Callot had been operating the brickworks since 1874, having leased it from a Patrick King that year and then outright bought it in 1879; and in the year of the arrival of the Escalles they together built a house, a barn, a water-tank, and a winery on Callot's property, which was on the lower slopes of Little King Mountain.
Escalle married Callot's widow Ellen after Callott's death in 1888, expanding from running the brickworks into also running an inn, named the Limerick Inn and opened in 1894 next to the house.
There he sold wine from grapes grown in a 23 acre vineyard expanded from the original, which by that time was producing 20000 USgal of wine per year.
Escalle ran a weekly wine delivery service.

The Limerick Inn was a part of the area becoming a resort, with its bocce ball court and gardens; to which customers would travel by railway or horse-drawn vehicle.
The Escalle annual celebration of Bastille Day became a popular attraction, as well.
The local railway station came to be known as Escalle.
The area bordered on an ark community that grew at around the same time, Boardwalks #1, #2, and #3; and one 1892 photograph (now in the William Frizzi collection at the Marin History Museum) records members of the ark community fetching water from Escalle's water tank and the wine delivery driver August "Gus" Frizzi (husband of baker Julia Frizzi, whose bakery stood at what is now 499 Magnolia Avenue, and later saloon owner) setting out to make a delivery in a horse and buggy.

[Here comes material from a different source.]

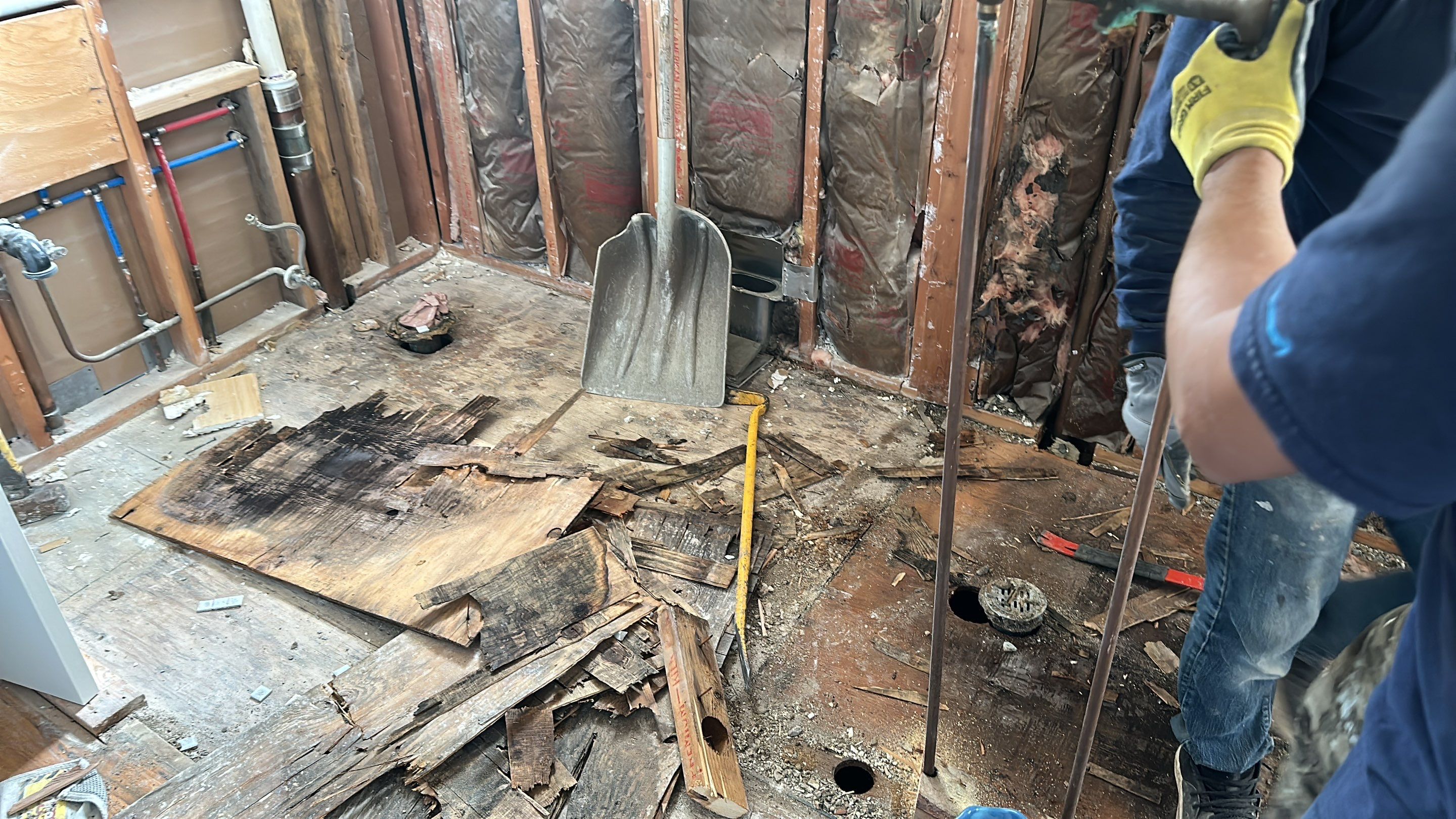Bathroom Remodel using Tile by Home Concepts Construction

Because of Prohibition, the inn ceased selling wine in 1920.
Escalle also died that year, causing legal complications to ensue from his relatives in France that effectively left the entire estate in limbo for the next two decades.
Adolph A. Tiscornia, an attorney and investor who acquired a significant fraction of Larkspur over the years, eventually bought Escalle in 1941, after the legal complications were finally resolved, and in 1978 Escalle Village was built.

==Current status==
In the 21st century, the original estate buildings still remain, most of Tiscornia's other properties having been sold by Tiscornia's granddaughter and heir Mary, including the barn, the water tank, and the winery, which retains its original Italianate false front with "Escalle's" and "1888" on the upper storey and its original brick lower floor and wood upper floor.
The additional signage "Corte Madera Vineyard and Winery" that existed in Escalle's lifetime (after Corte Madera as this was before incorporation into Larkspur) is, however, no longer present, and various additions have been made to the winery that are not visible from the front; as well as a two-car garage added, built into the slope of the hill.
The Limerick Inn was damaged in 1982 by a landslip, and is now mainly a shell albeit one that was stabilized after being threatened by the nearby growth of elm trees in 2003 and redecorated in 2008 for a Centennial celebration.